Pois, com esta rememoração histórica pouco conhecida, infelizmente, pisada pelo esquecimento para triunfo da equivocada imagem do Búfalo como "símbolo" da cultura marajoara brega; queremos provocar discussão construtiva a fim de que cada cidade do Marajó venha a ter totem de informação turístico-cultural, como lugar de memória da antiga CULTURA MARAJOARA de mil e quinhentos anos de idade.

Considerando que Marajó é polo turístico reconhecido pelo Ministério do Turismo a proposição poderá ser objeto de projeto de SINALIZAÇÃO TURÍSTICA em parceria com o Estado e os ministérios da Cultura e da Educação sob demanda da AMAM através da SETUR. Deste modo, a comunidade marajoara deve ser informada de que, embora a comunicação institucional enfatize Ponta de Pedras, Salvaterra e Soure como municípios turísticos prioritários para o Plano Estratégico VER-O-PARÁ; este fato não exclui os mais municípios do Marajó de desenvolver atividades turísticas, contando com recursos adicionais. 

Chamo atenção do público para o Protocolo entre o Pará e a Martinica, assinado em Belém no dia 16 último. Um instrumento de cooperação internacional descentralizada que retoma e impulsiona o criativo processo de relações transfronteiriças com as Guianas (inclusive Amapá, sendo que no Brasil não se sabe que as ilhas do Marajó são partes geográficas das extensa área cultural guianense, que se estende além do Cabo do Norte até a ilha de Trininad, no Caribe, distante apenas 10 km da Venezuela, no golfo de Paria) e as Antilhas. 

Era honorário o primeiro consulado brasileiro na Guiana francesa, ele foi aberto pelo dentista brasileiro Dr. Chalu Pacheco para ajudar o povo guianense, isolado da França sob ocupação nazista na II Guerra Mundial, a buscar abastecimento através do porto de Belém do Pará. Subsistiu dali em diante vice-consulado diretamente ligado a Brasília, que em 1985 foi transformado em consulado dirigido por diplomata de carreira. Este intercâmbio com as Guianas foi implantado, ultimamente, para regularizar o comércio que sempre existiu e a combater o tráfico ilegal. Porém, a virada para promoção comercial e intercâmbio cultural deu-se mais com aproximação do Pará com as Antilhas francesas, há 25 anos em parceria com o Ministério das Relações Exteriores, através do então Consulado e hoje Consulado-Geral do Brasil em Caiena com jurisdição sobre a Guiana francesa, Guadalupe e Martinica. Apenas para registro, a presença do servidor marajoara que vos fala, nos quadros do Ministério das Relações Exteriores mandado servir em Caiena (1985-1990), se acha inserida no início desta história. Deste modo, fomos encarregados juntos à AMAM para organizar recepção à delegação do presidente do conselho geral da Guiana, o já falecido Elie Castor e comitiva de prefeitos e vereadores guianenses ao Marajó (Soure, Salvaterra e Cachoeira do Arari). E, reciprocamente, viagem a Guiana francesa de uma delegação da AMAM com prefeitos e vereadores do Marajó acompanhados de Giovanni Gallo, do MUSEU DO MARAJÓ, e representantes do campus da UFPA em Soure, Museu Goeldi e do IPHAN.

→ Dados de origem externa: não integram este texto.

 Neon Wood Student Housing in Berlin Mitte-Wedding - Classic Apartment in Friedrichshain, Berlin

A seguir, no prosseguimento da tarefa determinada por minha consciência política e formação social, a título de colaboração com a comunidade de municípios marajoaras, através da AMAM, passo a listar algumas sugestões para discussão do FÓRUM DO MARAJÓ nesta e futuras oportunidades. 

Informando ademais, a quem interessar possa, que o caboco que vos fala tem tempo de serviço prestado à AMAM, notadamente entre 1994 e 1996; quando colocado pelo Ministério das Relações Exteriores à disposição da Prefeitura de Ponta de Pedras coordenou junto à AMAM intercâmbio com a Guiana Francesa e tentou implantar a denominada "Fundação Dalcídio Jurandir - FunDAL", autorizada em lei pela Câmara Municipal de Ponta de Pedras, assim como a frustrada realização do "Projeto de Execução Descentralizada - PED Guaianá", financiado pelo PPG7/Banco Mundial através da extinta SECTAM. Estes episódios citados, longe de ser um fracasso pessoal ou da gente marajoara constitui valioso acervo de experiências para futuras realizações.

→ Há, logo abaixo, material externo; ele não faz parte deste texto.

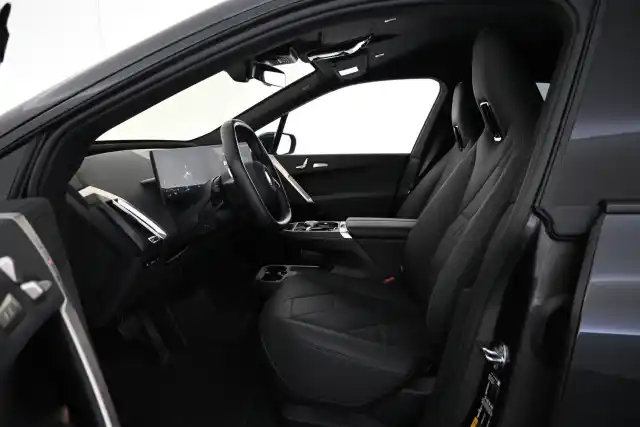 Musta Maastoauto, BMW iX – VAR-99734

Ideias que poderiam, perfeitamente, ser atualizadas em discussão permanente posterior ao FÓRUM DO MARAJÓ, que ora tem começo, com vistas à programação participativa duma agenda de médio prazo, fazendo parte de banco de dados para o desenvolvimento sustentável do Marajó.

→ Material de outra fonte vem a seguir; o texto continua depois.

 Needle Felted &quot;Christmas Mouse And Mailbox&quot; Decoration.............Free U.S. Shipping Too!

  • Acredito que a arqueóloga Denise Shaan será homenageada no próximo dia 23 com o Mérito Marajoara. Ato que, sem dúvida, valorizará a comenda. Seu trabalho no Marajó tem fundamental importância para melhoria do IDH de nossa gente integrando o saber científico ao conhecimento tradicional representado, sobretudo, pelo ecomuseu do homem marajoara, que é de direito e de fato, O NOSSO MUSEU DO MARAJÓ com sua sede em Cachoeira do Arari e que deveria se estender a todos municípios, na forma de uma fundação; conforme última vontade de seu criador, o padre Giovanni Gallo, constante da obra "Motivos Ornamentais da Cerâmica Marajoara".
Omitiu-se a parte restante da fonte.